Every picture should be left out, but the lines below must be repeated exactly.
--- PROVIDED INFORMATION ---
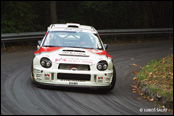 43. Rallye Sanremo - Rallye d'Italia 2001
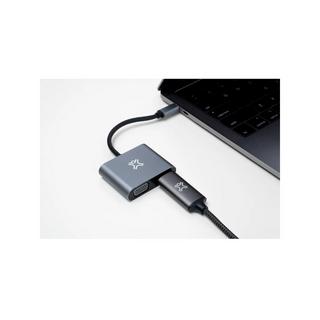 XtremeMac TYPE-C  TO HDMI & VGA Adapter 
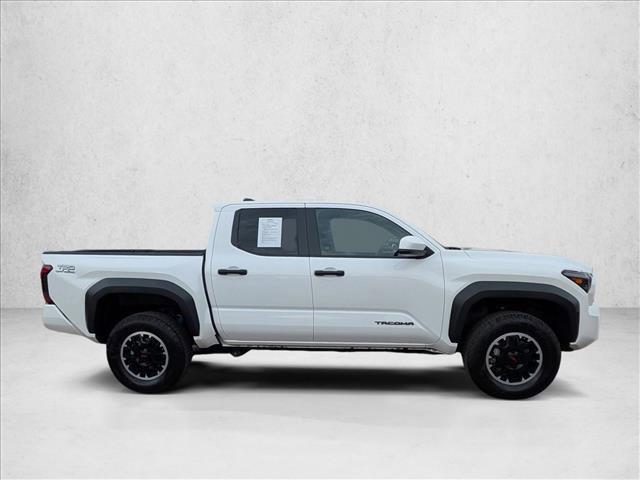 used 2024 Toyota Tacoma car, priced at $37,800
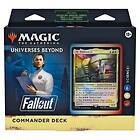 Magic the Gathering: Fallout Commander Deck Science!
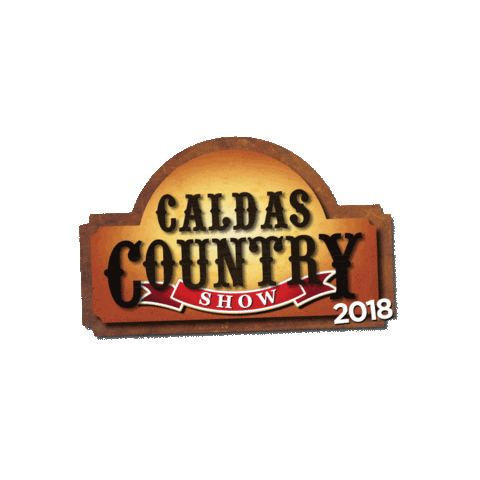 Sticker by Caldas Country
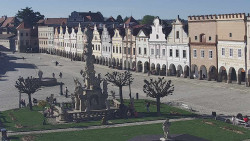 Náměstí Zachariáše z Hradce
---
● **ANSWER BOX**
 43. Rallye Sanremo - Rallye d'Italia 2001
 XtremeMac TYPE-C  TO HDMI & VGA Adapter 
 used 2024 Toyota Tacoma car, priced at $37,800
 Magic the Gathering: Fallout Commander Deck Science!
 Sticker by Caldas Country
 Náměstí Zachariáše z Hradce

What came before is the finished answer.